- GOAL OF THE EXERCISE -
Write the lines below out exactly, dropping each picture.

• • •

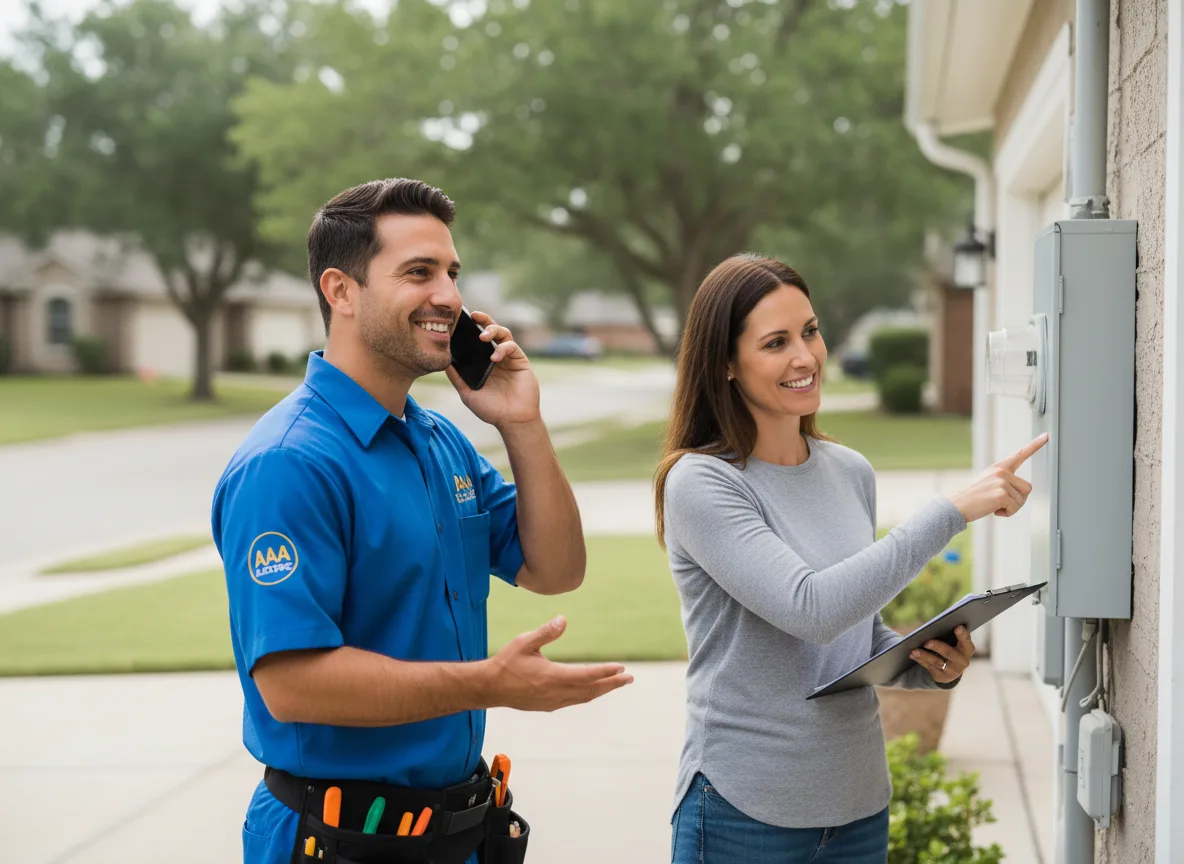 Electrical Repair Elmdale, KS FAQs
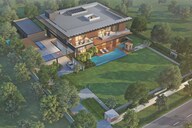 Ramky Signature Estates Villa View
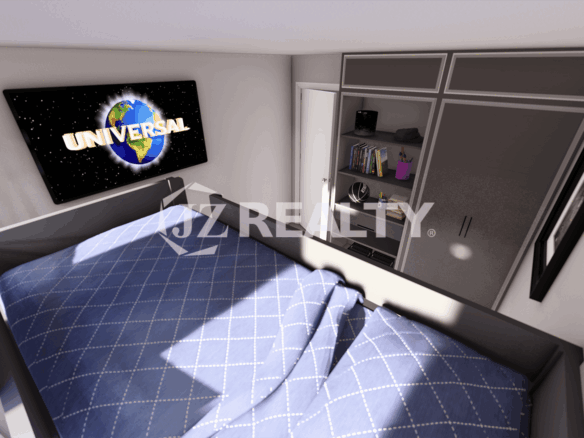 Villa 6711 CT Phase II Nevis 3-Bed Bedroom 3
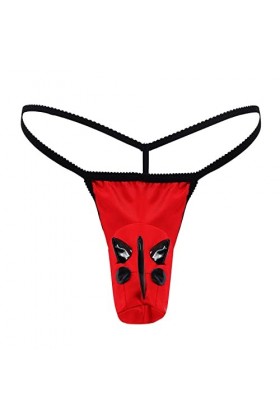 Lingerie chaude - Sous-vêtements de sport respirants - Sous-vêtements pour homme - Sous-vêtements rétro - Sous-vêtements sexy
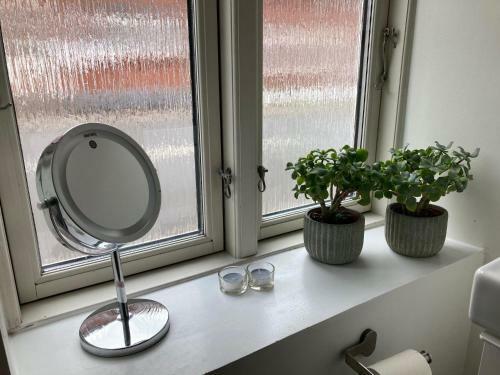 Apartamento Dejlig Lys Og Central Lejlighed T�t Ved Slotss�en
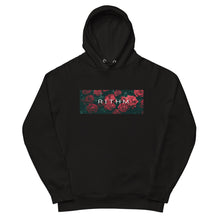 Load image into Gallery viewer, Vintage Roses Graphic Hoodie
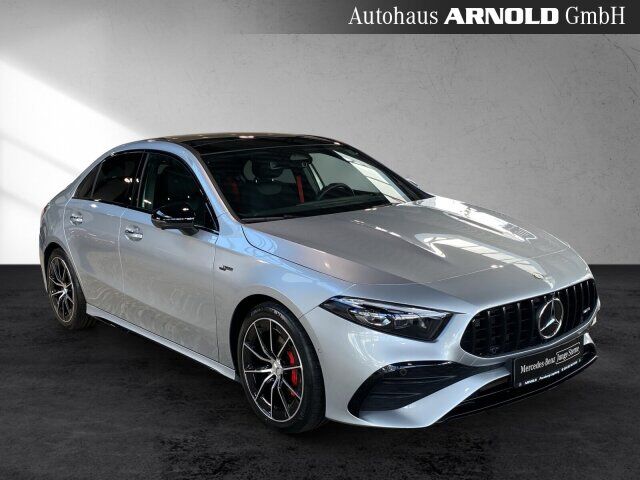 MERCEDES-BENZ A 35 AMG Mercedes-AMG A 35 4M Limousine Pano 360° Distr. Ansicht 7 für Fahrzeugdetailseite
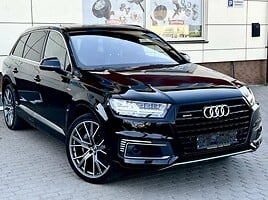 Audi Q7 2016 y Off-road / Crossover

• • •

- ANSWER FOR THE TASK -
 Electrical Repair Elmdale, KS FAQs
 Ramky Signature Estates Villa View
 Villa 6711 CT Phase II Nevis 3-Bed Bedroom 3
 Lingerie chaude - Sous-vêtements de sport respirants - Sous-vêtements pour homme - Sous-vêtements rétro - Sous-vêtements sexy
 Apartamento Dejlig Lys Og Central Lejlighed T�t Ved Slotss�en
 Load image into Gallery viewer, Vintage Roses Graphic Hoodie
 MERCEDES-BENZ A 35 AMG Mercedes-AMG A 35 4M Limousine Pano 360° Distr. Ansicht 7 für Fahrzeugdetailseite
 Audi Q7 2016 y Off-road / Crossover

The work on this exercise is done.